PROBLEM DETAILS — For each entry, return the text exactly and omit any image.
· · · ·
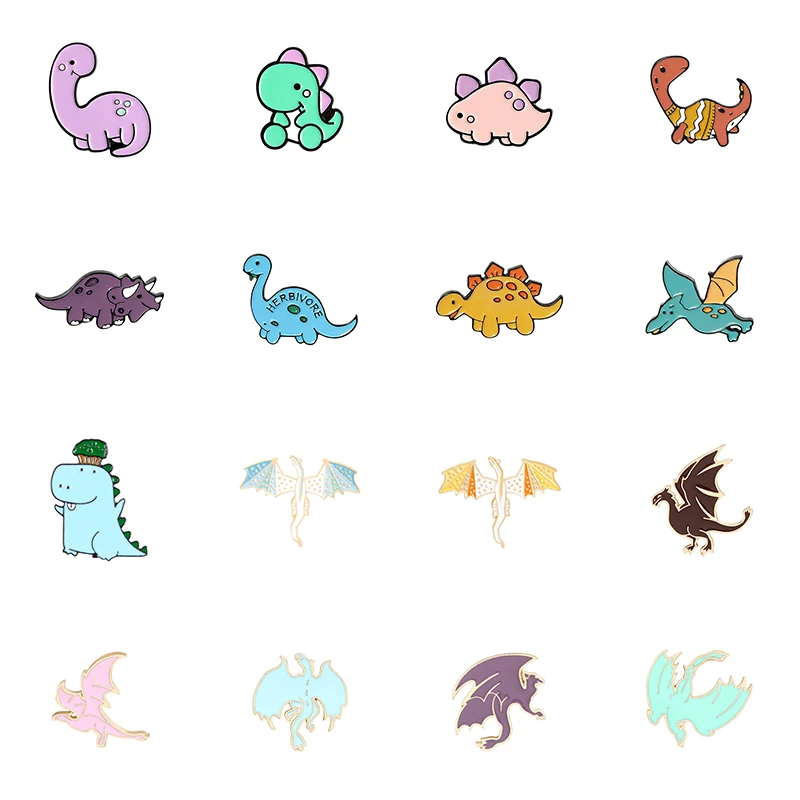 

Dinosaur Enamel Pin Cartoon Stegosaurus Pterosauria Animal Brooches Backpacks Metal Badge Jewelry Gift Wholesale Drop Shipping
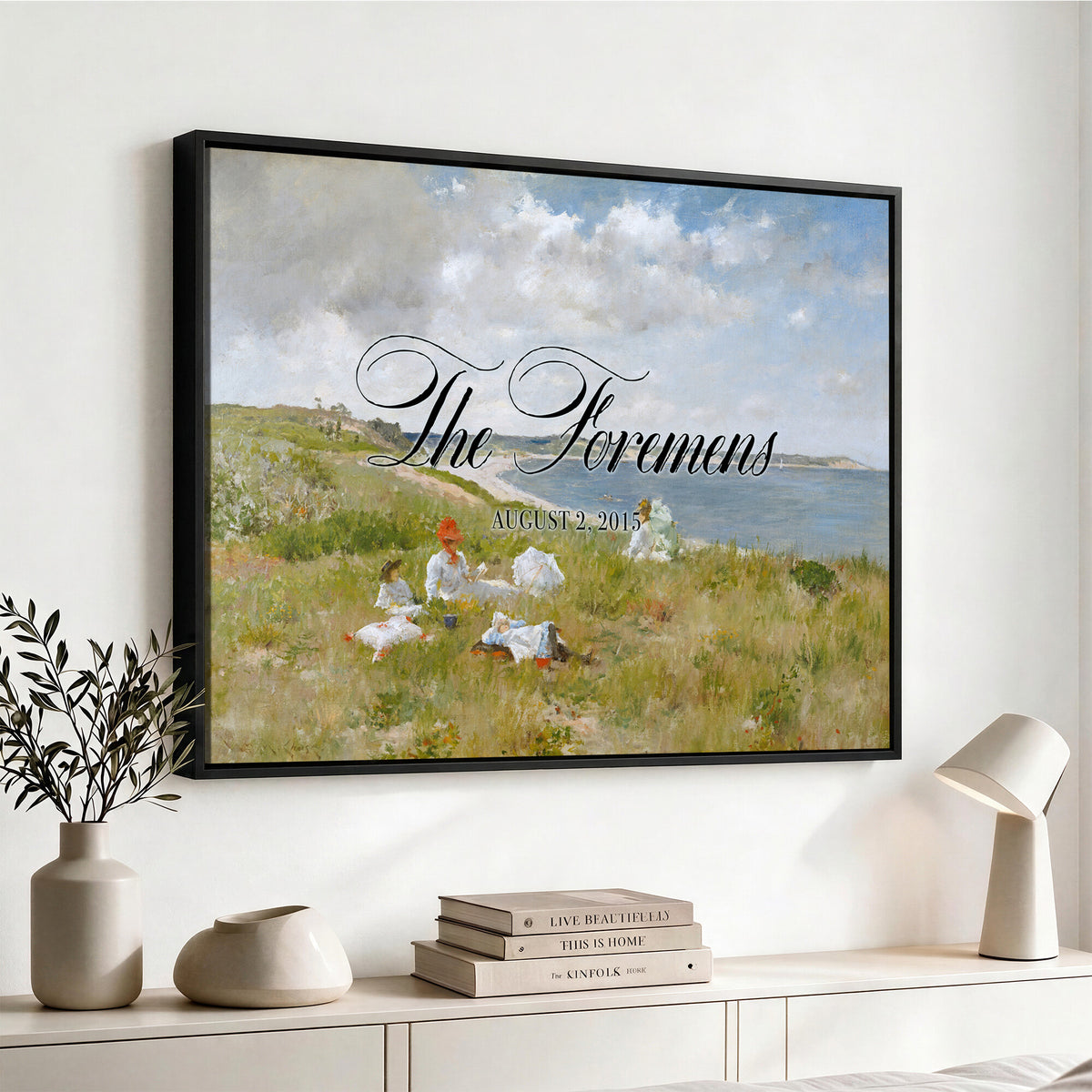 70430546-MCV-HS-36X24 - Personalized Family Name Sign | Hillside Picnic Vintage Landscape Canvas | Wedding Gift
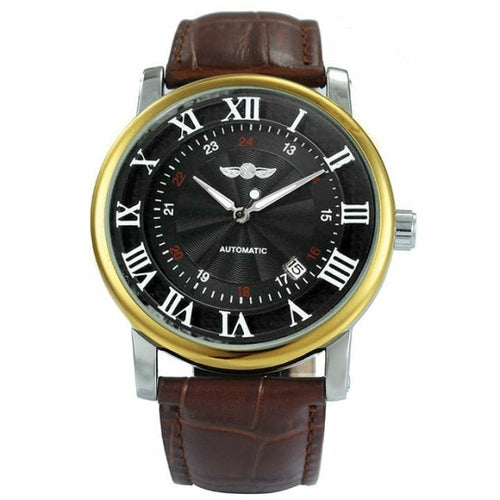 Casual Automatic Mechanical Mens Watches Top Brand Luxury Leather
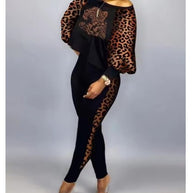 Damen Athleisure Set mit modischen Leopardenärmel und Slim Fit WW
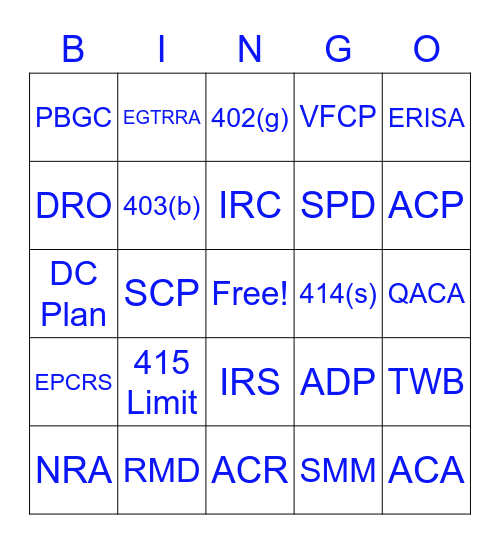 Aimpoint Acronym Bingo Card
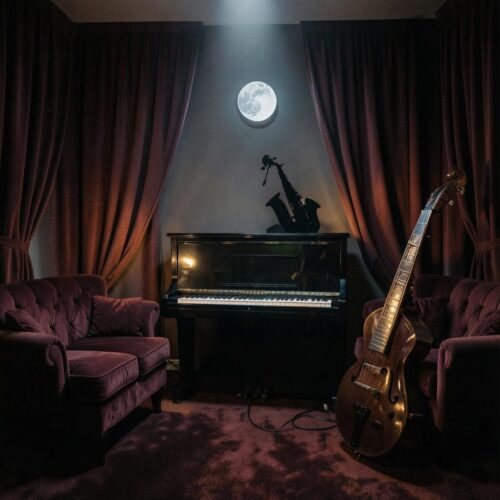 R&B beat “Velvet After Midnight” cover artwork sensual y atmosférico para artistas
· · · ·
TASK ANSWER —
Dinosaur Enamel Pin Cartoon Stegosaurus Pterosauria Animal Brooches Backpacks Metal Badge Jewelry Gift Wholesale Drop Shipping
 70430546-MCV-HS-36X24 - Personalized Family Name Sign | Hillside Picnic Vintage Landscape Canvas | Wedding Gift
 Casual Automatic Mechanical Mens Watches Top Brand Luxury Leather
 Damen Athleisure Set mit modischen Leopardenärmel und Slim Fit WW
 Aimpoint Acronym Bingo Card
 R&B beat “Velvet After Midnight” cover artwork sensual y atmosférico para artistas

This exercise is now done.